Below are brief highlights from each talk.
Part 1: Postmodernity
In this first event, we explored the past 12,000 years to understand these major paradigms and their effect on the world. In the earliest civilizations, a hierarchy was established to explain the apparent dominance humans felt over animals and nature. This relationship led humans to believe that higher powers had dominance over them, thus creating the concept of religion -- the idea that we do not have complete power in this world. We understand this era now as the beginning of premodernity. This paradigm shifted during Enlightenment, where humans came to realize their power in the way the world was developed. The development of technology and large-scale societies gave the impression that humans controlled the world, not higher powers. The culmination of this paradigm led to the Industrial Revolution and the assertion of human will on the world, which we understand as the concept of modernity. A crisis in this paradigm came after the second World War, when humans were faced with the atrocities they created. Now, instead of seeing ourselves as the ultimate power in the world, we understand that we are part of larger systems.
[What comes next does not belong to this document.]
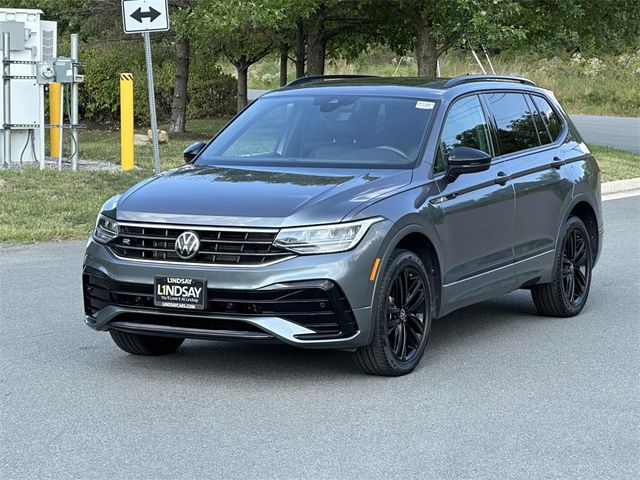 2022 Volkswagen Tiguan SE R-Line Black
This decentralization of humans’ power in the world created the concept of postmodernity, where systems of relationships control the way the world operates.
These paradigms represent various approaches to the way humans understand their relationship to the world. Even though these concepts were developed sequentially, one paradigm should not be considered better than another. Each paradigm brings a unique perspective about the world and can be leveraged depending on the situation. Postmodernity can only be explained and utilized through our collective understanding of the paradigms before it.